Friday, May 31, 2002

im going crazy! the basketball game is killing me. if they dont win, im going to cry like a baby. but shaq, 8/8 at the moment good job! anyways to my day. in school, nothing special. physics is the devil, english is the devil. they go hand in hand. math was werid. we had a sub they subs in juvie and hes all like they are no different. its just the killed someone so they are no different than any of you kids. yeah weird. in home ec. we learned how to sew on a snap. woo! then she asked me and darlene to correct some papers it passed the time away. in office parctice, me and fred did nothing but walk around, it was fun i guess. he showed me his car b/c he just got his licence. im kinda jealous b/c hes younger that me but im ok. i will drive oh yes i will...in swim we swam for 20 minutes straight.i feel healthy. im going to miss swimming but there is always the base pool i guess. i saw this thing on sugarcult kinda cool, i guess, hopefully next time they will have another cool band. the funniest thing that i heard today was my mom blaming me for buying 1% milk the pink gallon. but i remember buying the 2% the blue gallon. my mom insists it was me. but i remember distinctly buying the blue. so i proceed to retrace my steps. my mom then realizes that my dad and her went shopping on saturday. and the ass kicker is it was my dad who go the 1% milk. HA! i say to them. then my mom and dad get in a debate about how fat is fat and that 2% has really 5% fat and that 1% really has 2%. but my mom says it is milkfat but my dad says that fat is fat. it was funny as hell. i wish i had a camera to tape this all. then my mom tells me that i am "stuck" in the house becasue i come home late. i mena that was two instances and she said that i could come home before 12am and i did. i came home before 11pm. it pisses me off b/c im a little older. oh yeah she doesnt believe that i made funnel cake b/c i didnt take any home. whatever, ill find ways around this dictatorship they run oh yes i will... i did cartwheels again in school, it was great fun, i did one at lunch and one 5th period. i heard clapping after i did it but i dont know if it was for me who knows.
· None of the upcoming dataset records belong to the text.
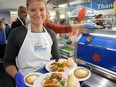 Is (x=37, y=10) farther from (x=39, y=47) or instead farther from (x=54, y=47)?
(x=54, y=47)

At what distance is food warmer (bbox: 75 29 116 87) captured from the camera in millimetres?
1481

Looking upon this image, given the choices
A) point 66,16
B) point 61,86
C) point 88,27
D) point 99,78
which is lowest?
point 99,78

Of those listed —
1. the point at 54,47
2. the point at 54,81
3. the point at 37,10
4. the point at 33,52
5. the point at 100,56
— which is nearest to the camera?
the point at 54,81

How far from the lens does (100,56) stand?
1656mm

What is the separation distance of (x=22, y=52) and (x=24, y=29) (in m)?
0.22

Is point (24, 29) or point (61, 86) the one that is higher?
point (24, 29)

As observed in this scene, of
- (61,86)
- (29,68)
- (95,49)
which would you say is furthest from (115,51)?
(29,68)

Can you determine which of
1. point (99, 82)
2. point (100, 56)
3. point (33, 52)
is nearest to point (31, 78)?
point (33, 52)

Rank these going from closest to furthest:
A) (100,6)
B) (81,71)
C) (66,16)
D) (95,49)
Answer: (81,71) → (95,49) → (66,16) → (100,6)

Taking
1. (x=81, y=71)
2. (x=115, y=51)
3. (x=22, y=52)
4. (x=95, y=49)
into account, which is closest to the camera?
(x=81, y=71)

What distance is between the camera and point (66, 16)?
3.41 m

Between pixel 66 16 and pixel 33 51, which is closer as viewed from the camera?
pixel 33 51

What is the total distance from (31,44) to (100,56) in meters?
0.81

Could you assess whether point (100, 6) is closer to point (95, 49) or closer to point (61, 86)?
point (95, 49) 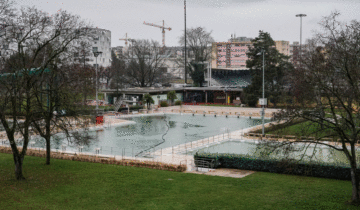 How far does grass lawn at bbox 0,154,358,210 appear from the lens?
41.8 ft

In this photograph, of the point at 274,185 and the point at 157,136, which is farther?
the point at 157,136

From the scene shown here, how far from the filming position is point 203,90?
220ft

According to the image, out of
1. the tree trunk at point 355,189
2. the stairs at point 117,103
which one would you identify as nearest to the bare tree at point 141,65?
the stairs at point 117,103

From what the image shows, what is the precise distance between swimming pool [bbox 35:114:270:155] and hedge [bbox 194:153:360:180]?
682 centimetres

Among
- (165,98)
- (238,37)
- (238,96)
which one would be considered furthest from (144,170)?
(238,37)

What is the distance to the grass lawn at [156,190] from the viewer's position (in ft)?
41.8

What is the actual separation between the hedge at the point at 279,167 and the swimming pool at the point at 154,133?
6.82 meters

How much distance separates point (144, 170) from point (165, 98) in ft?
141

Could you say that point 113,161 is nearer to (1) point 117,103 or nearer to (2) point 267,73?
(1) point 117,103

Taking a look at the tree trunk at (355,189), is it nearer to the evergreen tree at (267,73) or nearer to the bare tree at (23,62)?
the bare tree at (23,62)

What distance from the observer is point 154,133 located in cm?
3475

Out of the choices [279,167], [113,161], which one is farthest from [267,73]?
[279,167]

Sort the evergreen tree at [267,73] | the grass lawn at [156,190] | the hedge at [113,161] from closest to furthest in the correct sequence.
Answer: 1. the grass lawn at [156,190]
2. the hedge at [113,161]
3. the evergreen tree at [267,73]

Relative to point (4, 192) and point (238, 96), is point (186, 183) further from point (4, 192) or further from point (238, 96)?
point (238, 96) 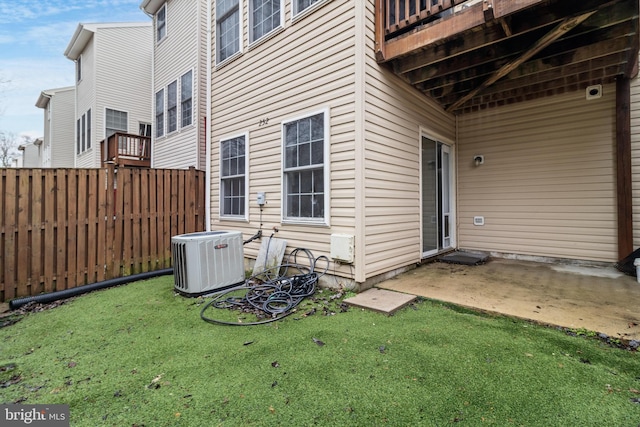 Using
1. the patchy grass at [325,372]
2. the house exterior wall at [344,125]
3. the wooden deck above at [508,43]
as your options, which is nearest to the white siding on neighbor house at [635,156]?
the wooden deck above at [508,43]

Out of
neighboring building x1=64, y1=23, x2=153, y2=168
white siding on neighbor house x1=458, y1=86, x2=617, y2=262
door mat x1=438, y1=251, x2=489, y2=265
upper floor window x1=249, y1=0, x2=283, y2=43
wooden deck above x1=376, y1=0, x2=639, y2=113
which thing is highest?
neighboring building x1=64, y1=23, x2=153, y2=168

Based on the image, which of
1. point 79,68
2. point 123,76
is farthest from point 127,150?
point 79,68

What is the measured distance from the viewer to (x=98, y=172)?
479 cm

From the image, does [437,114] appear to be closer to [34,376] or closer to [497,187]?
[497,187]

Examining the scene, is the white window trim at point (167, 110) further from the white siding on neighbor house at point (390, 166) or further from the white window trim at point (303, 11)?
the white siding on neighbor house at point (390, 166)

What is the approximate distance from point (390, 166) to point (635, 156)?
3.83 m

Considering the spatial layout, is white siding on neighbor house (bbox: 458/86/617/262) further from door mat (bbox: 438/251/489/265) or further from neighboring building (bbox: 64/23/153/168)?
neighboring building (bbox: 64/23/153/168)

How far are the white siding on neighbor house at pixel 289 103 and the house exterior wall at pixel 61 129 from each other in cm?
1340

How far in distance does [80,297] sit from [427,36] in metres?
5.76

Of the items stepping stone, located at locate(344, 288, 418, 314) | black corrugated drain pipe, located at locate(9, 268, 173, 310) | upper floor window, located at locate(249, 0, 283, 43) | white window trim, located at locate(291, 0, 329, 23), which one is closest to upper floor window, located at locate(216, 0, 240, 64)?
upper floor window, located at locate(249, 0, 283, 43)

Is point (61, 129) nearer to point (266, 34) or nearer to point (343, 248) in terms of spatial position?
point (266, 34)

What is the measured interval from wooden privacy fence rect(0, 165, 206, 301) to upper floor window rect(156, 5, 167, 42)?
6907mm

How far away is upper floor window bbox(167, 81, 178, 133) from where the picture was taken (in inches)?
354

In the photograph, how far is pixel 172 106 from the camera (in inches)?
361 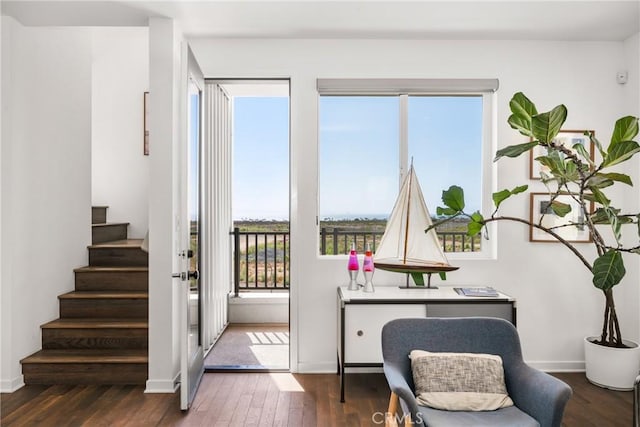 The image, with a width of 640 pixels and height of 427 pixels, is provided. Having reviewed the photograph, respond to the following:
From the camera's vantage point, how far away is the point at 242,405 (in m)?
2.69

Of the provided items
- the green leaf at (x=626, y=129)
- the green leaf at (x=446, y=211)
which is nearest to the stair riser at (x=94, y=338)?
the green leaf at (x=446, y=211)

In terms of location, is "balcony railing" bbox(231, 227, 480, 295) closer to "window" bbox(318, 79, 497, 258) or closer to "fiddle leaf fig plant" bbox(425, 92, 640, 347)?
"window" bbox(318, 79, 497, 258)

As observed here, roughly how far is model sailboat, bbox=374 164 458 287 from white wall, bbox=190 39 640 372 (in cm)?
34

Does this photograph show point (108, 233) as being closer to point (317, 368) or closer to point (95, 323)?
point (95, 323)

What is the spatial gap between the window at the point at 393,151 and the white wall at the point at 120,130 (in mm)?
2381

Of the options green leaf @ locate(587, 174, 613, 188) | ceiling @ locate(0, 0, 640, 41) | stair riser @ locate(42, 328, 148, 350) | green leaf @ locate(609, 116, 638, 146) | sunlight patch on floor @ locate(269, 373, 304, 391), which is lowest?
sunlight patch on floor @ locate(269, 373, 304, 391)

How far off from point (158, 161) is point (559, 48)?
3175mm

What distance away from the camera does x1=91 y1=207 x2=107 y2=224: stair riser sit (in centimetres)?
446

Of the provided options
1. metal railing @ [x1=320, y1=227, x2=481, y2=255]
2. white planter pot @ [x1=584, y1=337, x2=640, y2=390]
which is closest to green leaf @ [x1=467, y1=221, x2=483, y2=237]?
metal railing @ [x1=320, y1=227, x2=481, y2=255]

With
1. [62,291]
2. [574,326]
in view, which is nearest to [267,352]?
[62,291]

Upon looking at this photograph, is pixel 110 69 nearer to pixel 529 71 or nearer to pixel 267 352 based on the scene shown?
pixel 267 352

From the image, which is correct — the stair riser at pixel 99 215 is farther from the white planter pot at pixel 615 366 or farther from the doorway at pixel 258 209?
the white planter pot at pixel 615 366

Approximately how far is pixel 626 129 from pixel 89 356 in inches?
154

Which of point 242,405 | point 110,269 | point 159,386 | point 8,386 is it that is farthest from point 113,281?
point 242,405
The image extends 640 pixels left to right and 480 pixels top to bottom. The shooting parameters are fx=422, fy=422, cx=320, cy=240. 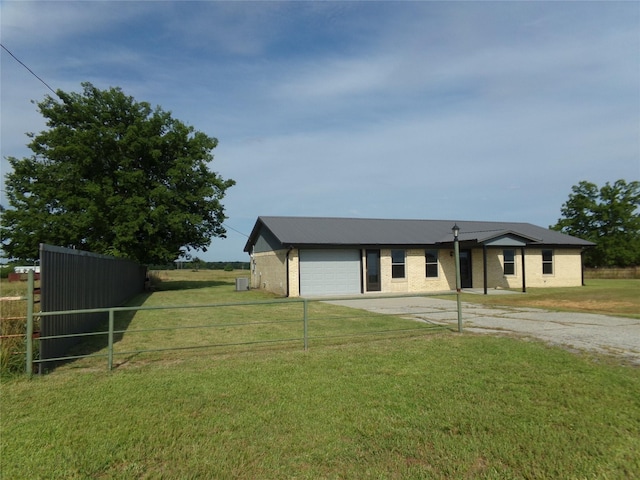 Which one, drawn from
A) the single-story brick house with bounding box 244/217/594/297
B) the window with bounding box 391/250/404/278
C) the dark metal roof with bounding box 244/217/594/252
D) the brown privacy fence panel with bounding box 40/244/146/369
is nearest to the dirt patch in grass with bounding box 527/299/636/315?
the single-story brick house with bounding box 244/217/594/297

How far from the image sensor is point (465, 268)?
995 inches

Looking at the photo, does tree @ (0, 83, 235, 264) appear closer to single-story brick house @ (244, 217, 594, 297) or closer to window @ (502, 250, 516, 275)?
single-story brick house @ (244, 217, 594, 297)

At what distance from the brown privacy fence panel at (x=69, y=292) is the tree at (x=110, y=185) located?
43.7 feet

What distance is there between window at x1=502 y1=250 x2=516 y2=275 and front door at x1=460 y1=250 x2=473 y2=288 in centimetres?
230

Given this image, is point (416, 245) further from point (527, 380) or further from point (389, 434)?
point (389, 434)

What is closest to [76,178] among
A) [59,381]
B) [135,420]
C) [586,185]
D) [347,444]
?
[59,381]

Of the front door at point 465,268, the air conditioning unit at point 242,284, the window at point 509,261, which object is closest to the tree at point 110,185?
the air conditioning unit at point 242,284

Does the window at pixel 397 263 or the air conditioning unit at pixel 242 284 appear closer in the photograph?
the window at pixel 397 263

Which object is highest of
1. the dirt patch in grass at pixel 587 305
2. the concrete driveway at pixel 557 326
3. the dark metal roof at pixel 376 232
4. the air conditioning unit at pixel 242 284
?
the dark metal roof at pixel 376 232

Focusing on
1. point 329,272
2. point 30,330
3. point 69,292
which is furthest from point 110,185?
point 30,330

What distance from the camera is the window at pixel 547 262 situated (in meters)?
27.1

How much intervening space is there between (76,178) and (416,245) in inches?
875

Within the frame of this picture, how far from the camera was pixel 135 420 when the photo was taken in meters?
4.57

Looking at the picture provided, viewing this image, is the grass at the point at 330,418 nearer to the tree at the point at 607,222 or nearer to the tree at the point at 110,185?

i kind feel like a big looser too b/c its friday im at home doing homework. ah im AM a looser! its all my parents fault, they still treat me like im a little girl, i guess they cant get ovet the fact that im getting older and that i need to ween off them but they wont let me. someone told me that i need to go out and see the world. i cant remember who it was but i will and when i do i will tell you, back on track i dont know. why are people so suprised when i tell them im not going to college? (yet?) im just lost and cant find my way right now. ask me in a year what i want to be and maybe ill give you an answer.